İki gündür zıt duygular arasında bocalamış ve öfkesini içinde biriktirmiş birisi için tahrik edici sözlerdi bunlar. Uzun adımlarla babasının önüne gelip elindeki kumandayı aldı, televizyonu kapatıp kucağına fırlattı. "Bu unvan senin hakkın, benim değil babacığım!" dedi sıkılı dişlerinin arasından.

"Unvanı bilmem ama aptallıkta bir numarasın!" dedi Mehmet Cevat, onu kışkırttığını bile bile, gözleri kısılmış, yüzündeki çizgiler daha bir aşağı düşmüştü sanki.

"Doğru!" dedi Yiğit, bağırmamak için kendisini güç tutuyordu. "Ahlaksız babamın pisliklerini temizlemeye çalıştığım için aptalım!" Söylediğiyle birlikte karşısındaki adamın şekilsiz yüzünün rengi kaçar gibi olmuş, gözlerinde şüpheyle karışık endişeli bir bakış belirmişti. Yarım ağızla, "Ne saçmalıyorsun sen?" dedi adam.

"Diyorum ki, bundan sonra nefes aldığını dahi duymak istemiyorum. Hiçbir şeye karışmayacaksın, hele annemi hiç üzmeyeceksin!"

"Bana bak ulan!" dedi Cevat Sanver, elini dayadığı koltuktan güç alıp doğrulmaya çalışıyordu. "Sen kimsin ha! Kimsin de bana emir veriyorsun? Holdingi batırdın, hepimizi! Senin aptallığın yüzünden tek kurtuluş ümidimizi, Eyüp'ü de kaybettik! Bakalım kapıya atılınca ne yapacaksın? Annenle sarılır ağlarsınız artık!"

Yiğit elleri cebinde yumruk olurken kısa bir an karşısındakine, artık tanıyamadığı, garip bir yaratığa dönüşmüş olan adama baktı. Yıllarca, evet yıllarca, olan bitene gözlerini kapatmış ve onun nasıl bir insan olduğunu ısrarla görmezden gelmişti. Ama şimdi bulundukları nokta, uçurumun kıyısıydı. Ceplerindeki elleri yumruk olurken alçak ama öfkeden boğulan bir sesle konuştu. "Bu seninle ilk ve son konuşmam baba! Tüm o iğrenç alışkanlıkların, sapkın ilişkilerin, cinsel fantezilerin... İnan içinde boğulduğumuz borç hiç kalır."

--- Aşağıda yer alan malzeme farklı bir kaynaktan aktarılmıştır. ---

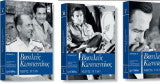Βασιλεύς Κωνσταντίνος Χωρίς Τίτλο - Τόμοι Α, Β, Γ (ολοκληρωμένο) Τ. Βασιλεύς Των Ελλήνων Κωνσταντίνος Β'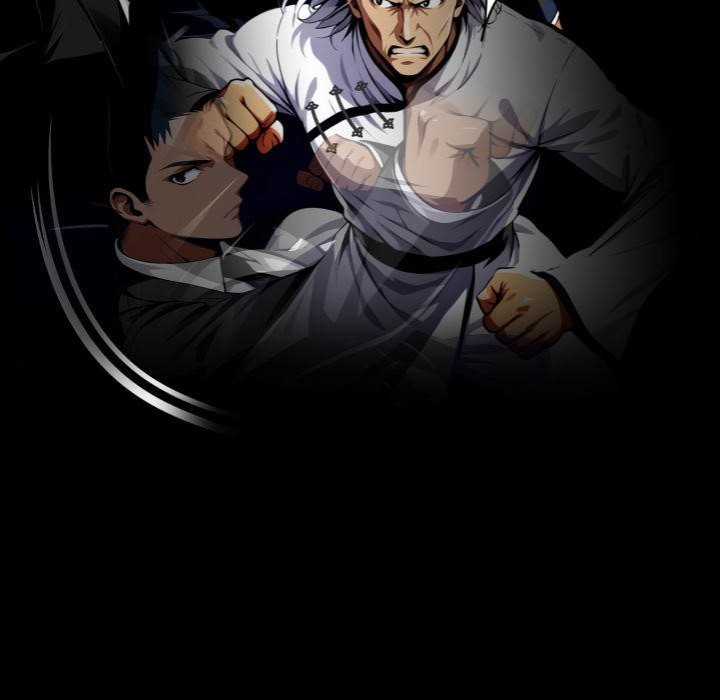 Gangster x Office Lady - Chapter 50 - photo - 126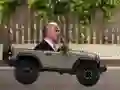游戏Biden Weelie在线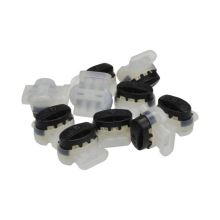 3M 316IR - 3 (2)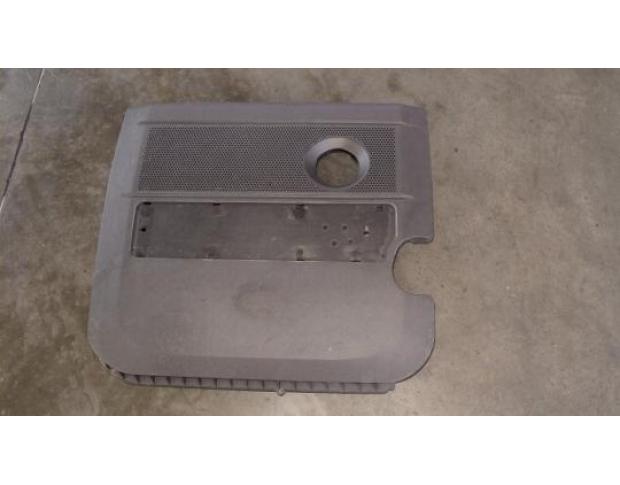 carcasa filtru aer volkswagen jetta 3 (1k2) 2005/08-2010/10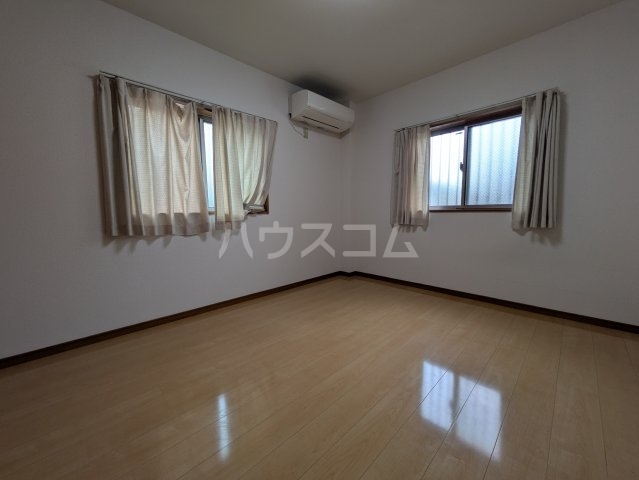 4/22 室内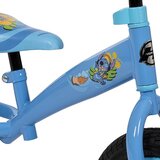 HUFFY Disney Stitch dječji bicikl bez pedala 12″ | shoptok.hr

"Lafını bil..." diye başlayan adamı hırsla böldü Yiğit. "Sadece o kadar kalsa keşke! Tüm o aşağılık, iğrenç şeyler kameraya alınmış ve karaborsada haraç mezat satılacak kadar ele ayağa düşmüş! Bana aptal diyen Mehmet Cevat hazretleri, asıl aptal sensin! O egonun da iğrenç zevklerinin de Allah belasını versin!" Genç adam, çaresizliğin yanında son iki gündür yaşadığı aşağılanmanın da verdiği bir öfkeyle konuşuyordu.

"Ne diyorsun sen? Ne kamerası..." Bunu söylerken yaşlı adamın gözleri korkuyla büyümüş, yüzünün rengi iyiden iyiye sarıya dönmüştü.

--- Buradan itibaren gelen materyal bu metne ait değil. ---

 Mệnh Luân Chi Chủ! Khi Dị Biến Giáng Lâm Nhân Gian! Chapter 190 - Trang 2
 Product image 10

Emir'in evinde kaldığı gece arkadaşının diz üstü bilgisayarında istemeye istemeye, Alya'nın kendisine verdiği USB çubuğundaki görüntüleri izlemişti. Allahtan arkadaşı dışarı çıkmıştı ve o iğrenç şeyleri tesadüfen de olsa görme ihtimali yoktu. Hızlıca, midesi kalkarak seyretmişti Yiğit, ne ile tehdit edildiğini iyice idrak etmesi gerekiyordu. Öyle çeşit çeşit ve farklı tarihlerde, kadınlarla ve erkeklerle çekilmişti ki... Genç adam şoka girmiş halde öylece kalakalmıştı. Çoğu, bilmediği absürt seks pozisyonlarına içi kalkarak bakmıştı. Babası... Kadınlar, erkekler... Düşündüğünden iğrenç ve felaketti durum.